**EXERCISE DESCRIPTION:**
The reply must reproduce each line below exactly.

**DATA EXCERPT:**
####

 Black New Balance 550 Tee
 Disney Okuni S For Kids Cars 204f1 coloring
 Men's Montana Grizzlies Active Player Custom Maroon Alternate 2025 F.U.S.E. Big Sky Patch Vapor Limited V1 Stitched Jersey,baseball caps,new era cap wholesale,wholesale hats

####

**EXERCISE RESPONSE:**
 Black New Balance 550 Tee
 Disney Okuni S For Kids Cars 204f1 coloring
 Men's Montana Grizzlies Active Player Custom Maroon Alternate 2025 F.U.S.E. Big Sky Patch Vapor Limited V1 Stitched Jersey,baseball caps,new era cap wholesale,wholesale hats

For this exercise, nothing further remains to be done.